Seemingly clear, yet irrefutably impenetrable, there is a haunting poetry in Alfred Jensen's work. Executed on a flat, thickly painted checkerboard of brightly quilted colors, Heaven Per I and Per II employs a combination of patterns and geometries that are classically familiar. While at first glance his paintings appear to be purely abstract, Jensen, a miner of ancient relics, mathematical systems, and theories of design intricately weaves a palimpsest of symbols and colors that unfold to reveal an isomorphic mapping of one system of ciphers over another. Through his own visual language, Jensen superimposes multiple systems of arithmetic and color theory with no immediate translations in attempt to make symbolic structures concrete.
Divided into two panels, or pers, Heaven; Per I and II sets a series of numbers from ancient Shang oracle bone inscriptions over a gridded study of the complementary hues of the color wheel, which are mirrored along the horizontal axes of the abutted canvases. Dating from 1554-1045 B.C.E., the oracle bones of the Shang dynasty are the earliest known written records from Chinese civilization, used by priests as a method of divination. Oriented on a square compass, perhaps derived from the square slabs found in the first magnetic compasses from the Qin dynasty, a set of four Shang numerals are situated in conjunction with the four cardinal directions-the character for 9 situated in the north top-left corner, 7 at the eastern corner, 6 to the south, and 8 at the western point.

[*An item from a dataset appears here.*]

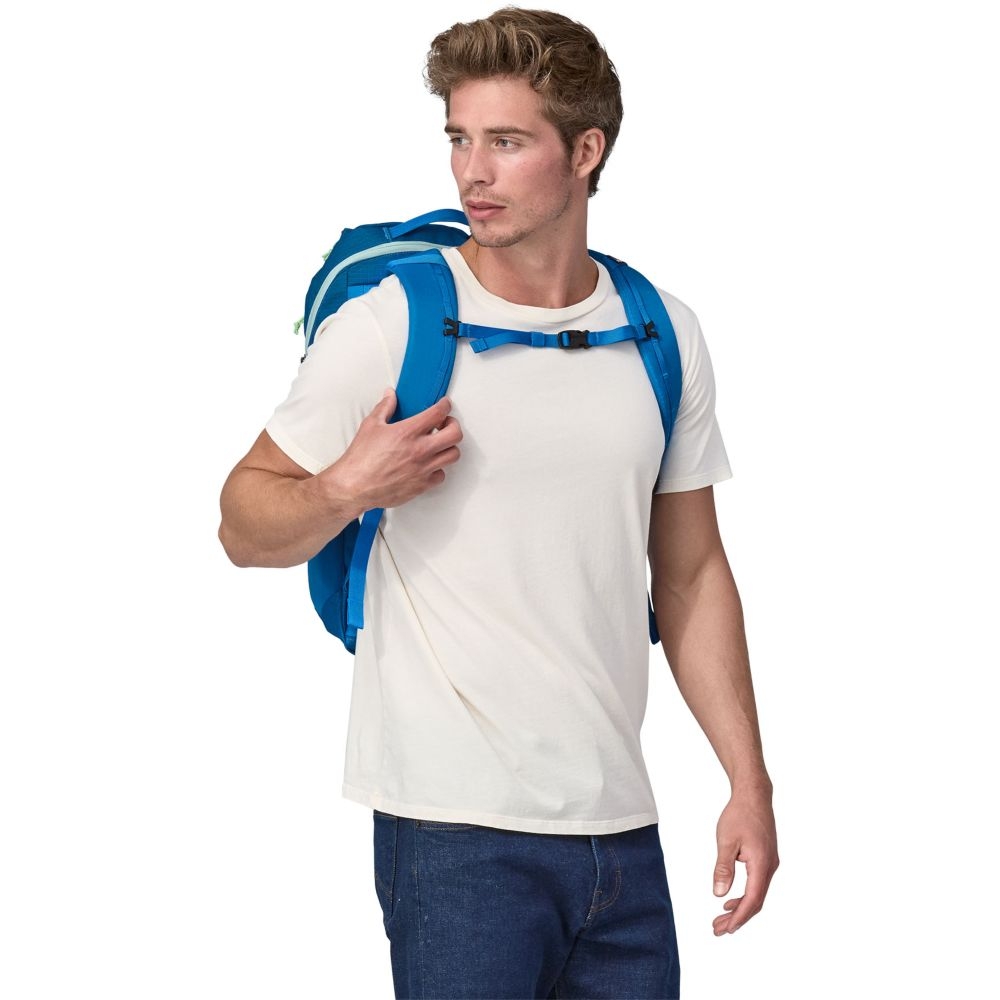 Patagonia Black Hole Pack 25L Vessel Blue 49298-VSLB dagrugzakken online bestellen bij Kathmandu Outdoor & Travel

A devoted student of Johann Wolfgang von Goethe, Jensen, here, plays with the optical vibrancy resulting from the juxtaposition of complementary colors. While the perimeters of the columns play on the traditional color star developed in 1867 by Charles Blanc, with the opposition of blue and orange, Jensen's reverence for Goethe is seen in the bisecting rows of blue and yellow. "Yellow is a light which has been dampened by darkness; blue is a darkness weakened by light" (J. Goethe, Theory of Colors, 1810, paragraph 502). Thus, Heaven emerges as a labyrinth of signs and systems atop a gridded compass, for which the organizing system plays an equally important role to the artist. "I find in the square specific settings, divisible areas, number structures, possibilities of time measure and rhythm as well as the essential form of color," Jensen explains. "The square's capacity latent in its arithmetical mean brings forth a reciprocal relation between the outwardly increasing area, and the inwardly decreasing area of the square. This coordination of number structures enabled the archaic people to erect temples and pyramids" (A. Jensen, quoted in W. Schmied, Alfred Jensen, exh. cat. Kestner-Gesellschaft, Hannover, 1973, p. 39). A connoisseur of the systems created by many different peoples to give beauty and meaning to their own lives, the systems that Jensen has selected to incorporate into his art are particularly rich in complexity, history, and symbolism.